[Source material Boundary: Start]

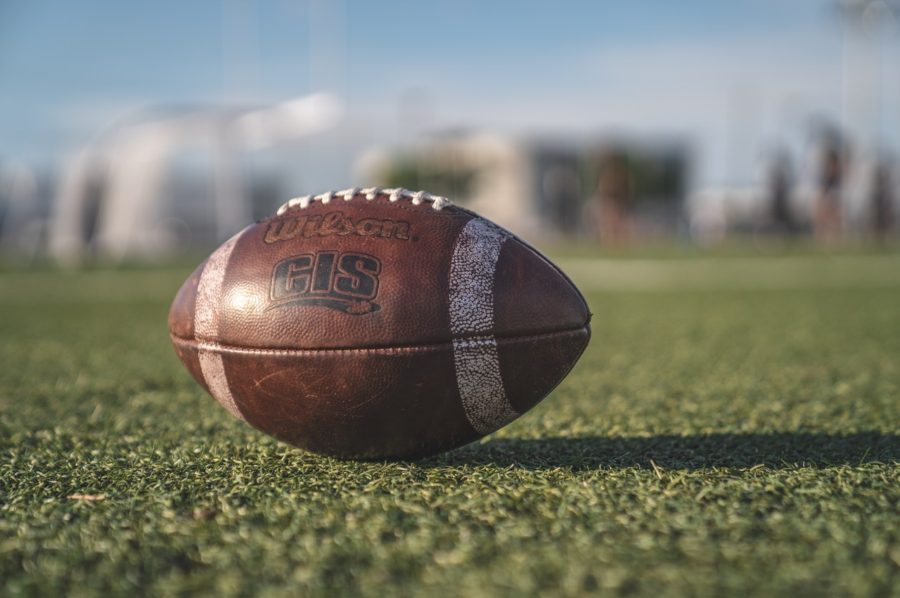 Football sitting in the middle of a green football field.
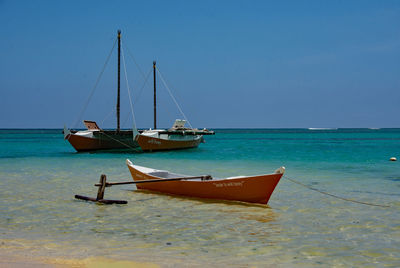 Sailboats moored on sea against blue sky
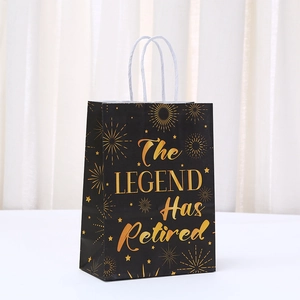 Detail of black paper gift bag with gold foil The Legend Has Retired print and white handles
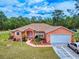 Inviting single-story home with a well-kept lawn and attached two-car garage at 9325 Sw 125Th Court Rd, Dunnellon, FL 34432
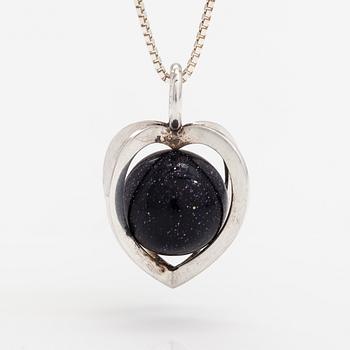 Elis Kauppi, A silver necklace with a purple goldstone. Kupittaan kulta, Turku.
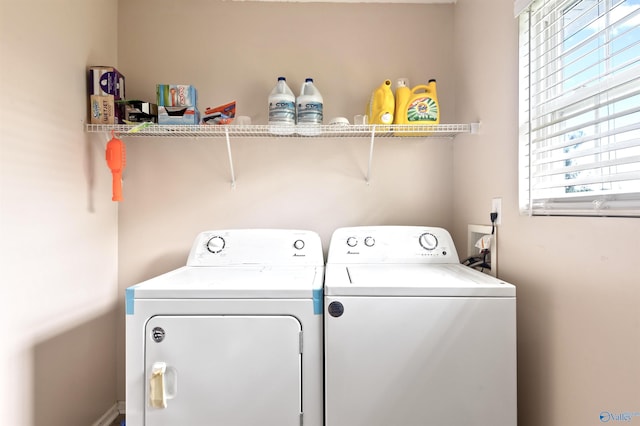 washroom featuring washing machine and dryer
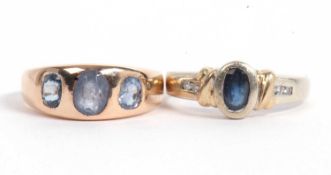 Mixed Lot: Modern blue stone ring, bezel set between small diamond highlighted shoulders, stamped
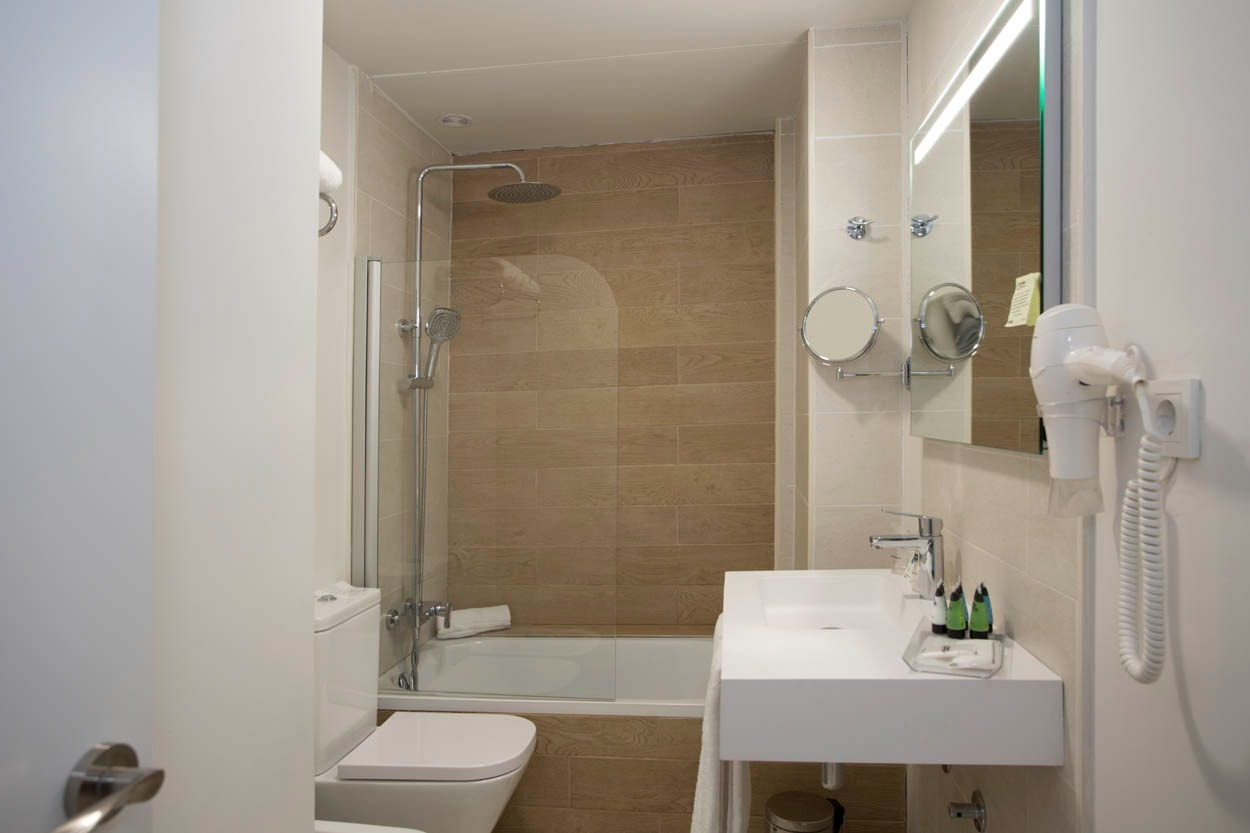 Modernes Badezimmer im Casual Inca Porto – Zentrales Hotel in Porto mit Dusche, Waschbecken und Haartrockner.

[Source material Boundary: End]

- **Task description**
Starting at the line that contains "Mixed Lot: Modern", restate every line through the end of the records exactly as written, but leave the pictures out.

- **Answer to this exercise**
 Mixed Lot: Modern blue stone ring, bezel set between small diamond highlighted shoulders, stamped
 Modernes Badezimmer im Casual Inca Porto – Zentrales Hotel in Porto mit Dusche, Waschbecken und Haartrockner.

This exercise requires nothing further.